We don’t need high speed rail we just need high speed efficiency. Our country is too big for fast rail, by the time it's built we'll have driverless double-B's and the cost of fast-rail will be so prohibitive it would be cheaper to have everything hand carried between the cities. Instead of trucking from city to region and then to smaller towns many goods could come via rail, especially with containerisation, to the hubs where they can be trans-shipped by road. This will take thousands of trucks a day off our highways and reduce the need for even more expressways criss-crossing good prime real estate and arable land.
The Greens should be discussing with farming organisations how best to strike a balance between the needs of the farmer and the environment after all they a both strong environmentalists but just coming from different directions. They might lessen our dependence on the pleasures of bush-walking and increasing awareness of the difficulties a modern society faces in an agrarian community. Equalising the GST between city and country, equal services, equal access to public transport and equal access to all forms of education. Providing the countryside with fast reliable communications, or at least making mobiles work in all areas.

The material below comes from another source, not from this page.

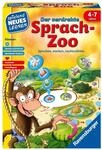 Ravensburger Kinderspiel Der verdrehte Sprach-Zoo - Lernspiel ab 4 Jahre | Spiel f&uuml;r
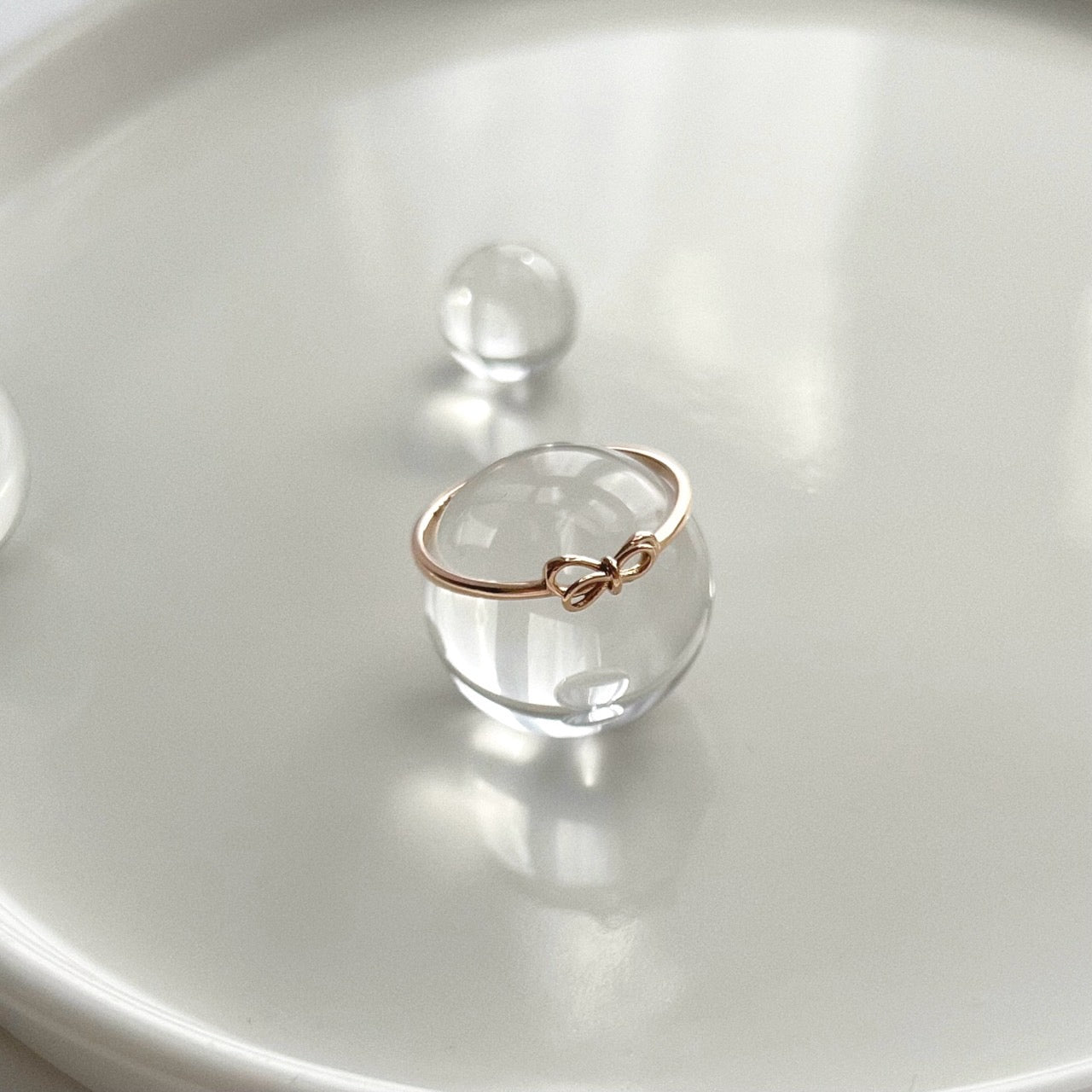 Mini Bow Ring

Farmers, are by nature conservationists, one only has to look inside their sheds at the ‘moth-balled’ equipment. Farmers are environmentalists. If they didn’t look after the land they could not make a living. The Greens should include the landowning gentry in their deliberations on policy not just listen to Inner-city Vegetarians.

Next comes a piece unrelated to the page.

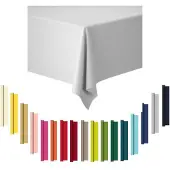 Duni Dunicel tafellaken op rol 1,18x5m ijswit wit Papier Tafellaken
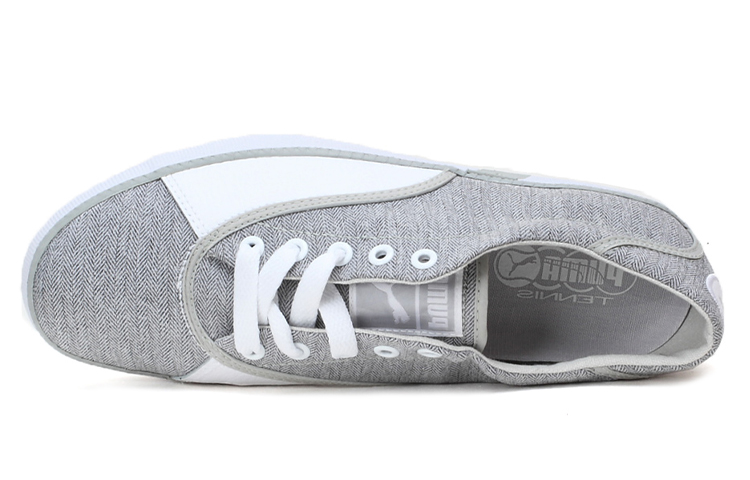Lookbook Puma Rally Match Vintage Zapatillas Casual Bajas 'Gris Claro' 350416-04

Greens need to sit down with local councils and work out more beneficial codification of laws so that landholders are not penalised on the whims of someone whose 4WD has never seen a dirt track.

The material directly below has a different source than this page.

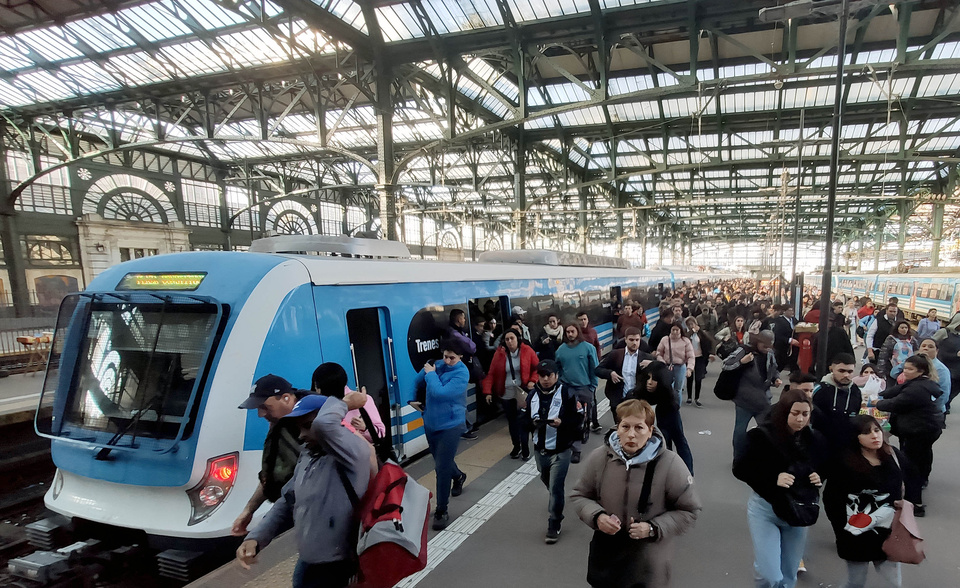 Paro de trenes: La Fraternidad anunció una medida de fuerza para la semana que viene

What most political parties are missing this election are policies that differentiate between the ideologies, not just re-wording the other sides policy to sound more attractive to their voters. Putting forward new ideas and policies is far preferable to the constant whinge and whine about what the other side is doing without coming up with credible alternatives. It seems to us that all one side wants to do is to destroy the other. This destructive attitude is only turning voters off and giving them the impression that every politician is just jerking themselves too much and not concentrating on the most important matters which just happen to be ‘what’s best for Australia’.
The Greens need to work out ways to eliminate the partisanship of local and state farming groups in favour of a national agenda. To allow the live export market to operate efficiently and with the treatment of animals properly monitored by trained staff with a camera and not a Chardonnay glass in their hand.
So we had several greens to choose from other than just the leaf green of the vegetarian sector that want us all to ride bikes, heat our homes with used cooking oils, make our own sack cloth and ashes and wipe out slavery in our cat and dog population?
The Greens are starting to have candidates that look and sound halfway normal, who are willing to get down to the nitty-gritty of problems and speak directly to the man on the land and not some executive from a farming organisation who have their eyes on being politicians some time in the future.
The Green voter has always been a bit of a loose cannon. Like the Tea Party in America there are too many chiefs with differing opinions, too many varied solutions and too much chattering with no action. Regardless of how you voted this time we ask that you at least look at the Greens policies before marking your ballot in a few years time. You owe it to the bush.